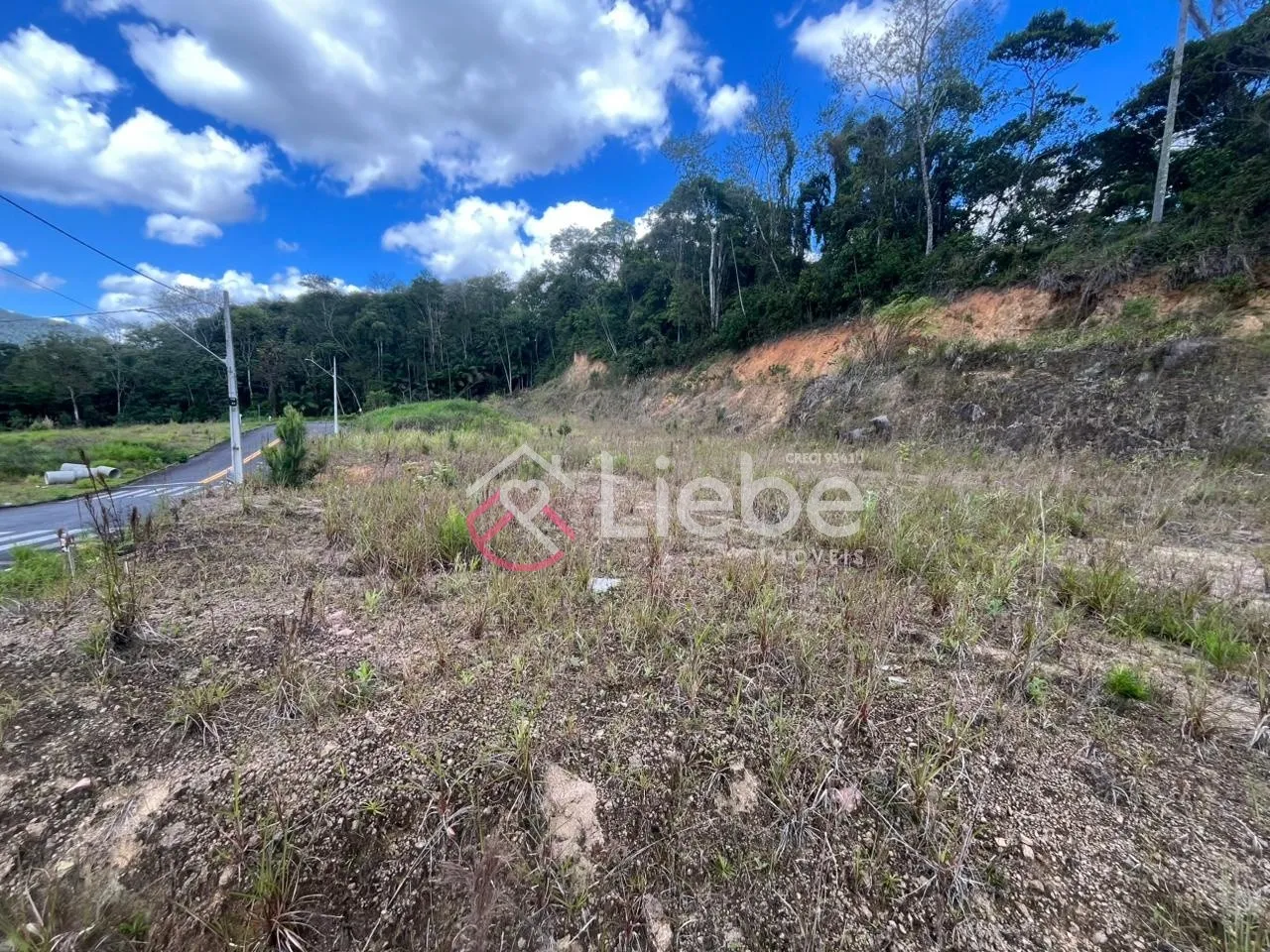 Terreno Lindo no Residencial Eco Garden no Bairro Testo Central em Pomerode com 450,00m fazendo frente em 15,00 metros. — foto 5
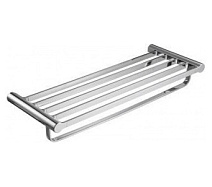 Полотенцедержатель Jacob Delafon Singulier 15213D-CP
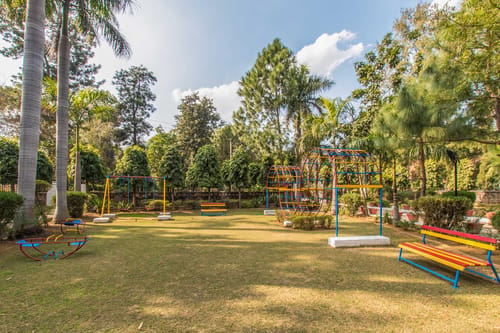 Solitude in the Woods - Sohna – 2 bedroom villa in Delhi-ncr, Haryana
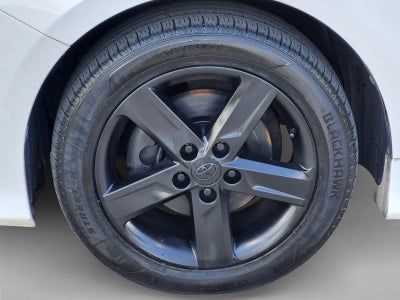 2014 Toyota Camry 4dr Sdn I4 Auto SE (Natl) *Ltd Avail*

## Work instruction
When you copy the data, keep every line exact and leave out each picture.

## Written response
 Terreno Lindo no Residencial Eco Garden no Bairro Testo Central em Pomerode com 450,00m fazendo frente em 15,00 metros. — foto 5
 Полотенцедержатель Jacob Delafon Singulier 15213D-CP
 Solitude in the Woods - Sohna – 2 bedroom villa in Delhi-ncr, Haryana
 2014 Toyota Camry 4dr Sdn I4 Auto SE (Natl) *Ltd Avail*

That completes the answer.